▸ Recorded data:
——————————

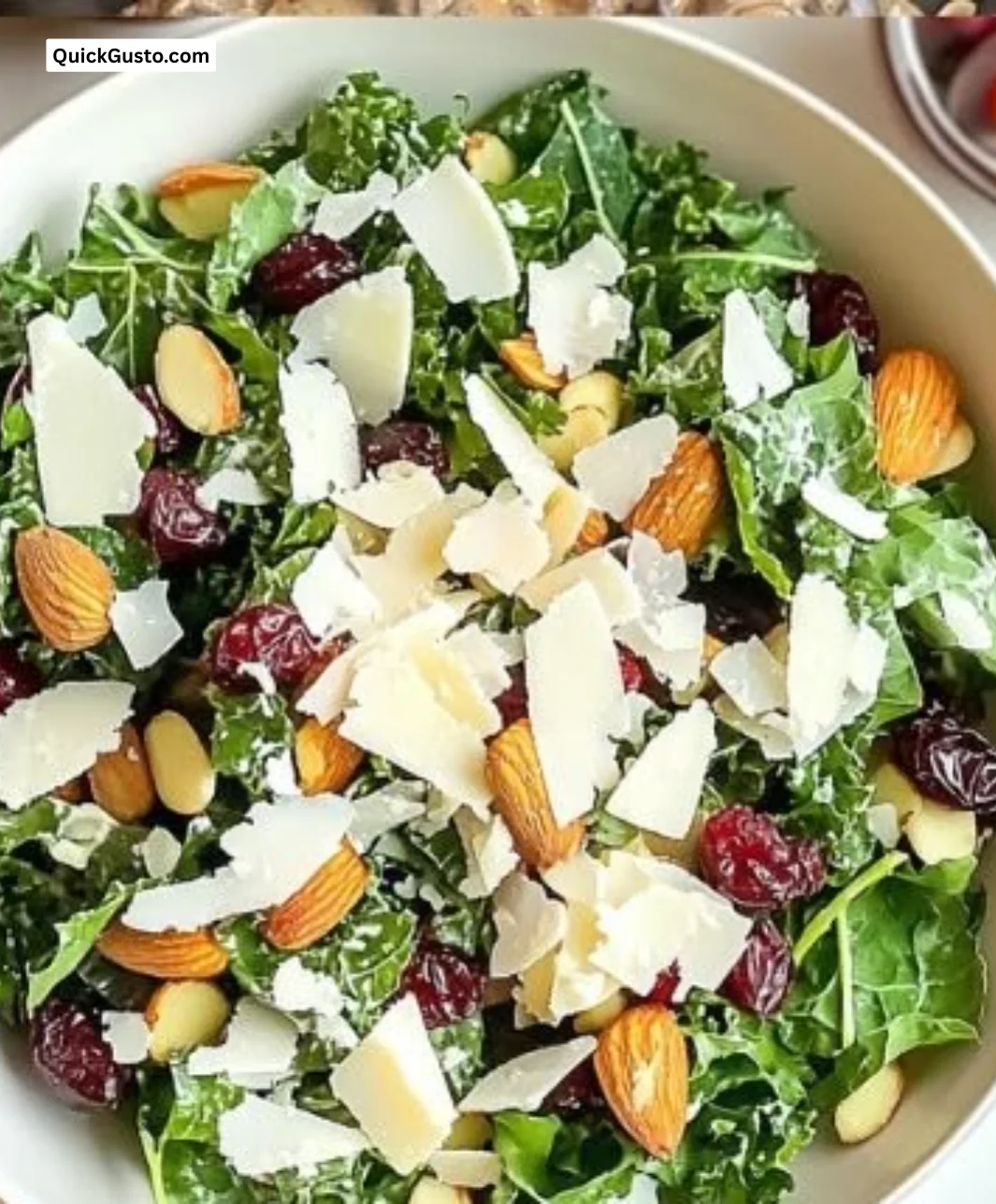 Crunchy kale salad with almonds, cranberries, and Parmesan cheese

——————————

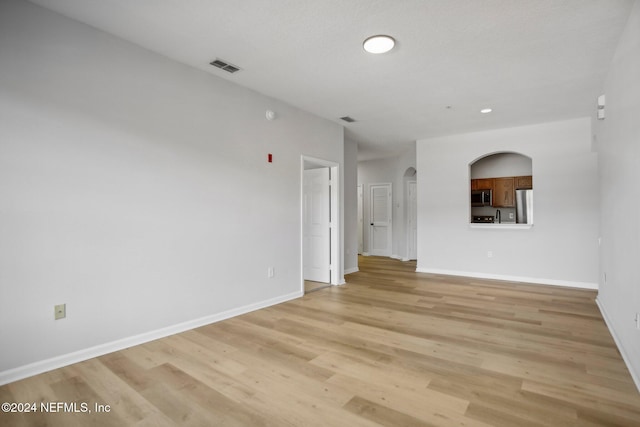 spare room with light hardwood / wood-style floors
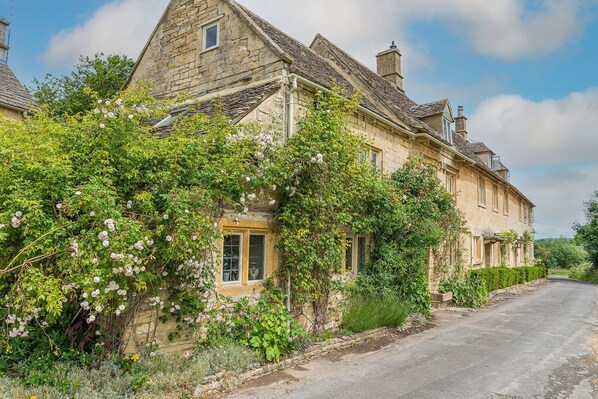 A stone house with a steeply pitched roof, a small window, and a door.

——————————

▸ Task instructions: If a picture sits between the line containing "spare room with" and the line containing "A stone house", leave it out, and return the lines of that range above exactly, both ends included.

▸ Exercise response:
 spare room with light hardwood / wood-style floors
 A stone house with a steeply pitched roof, a small window, and a door.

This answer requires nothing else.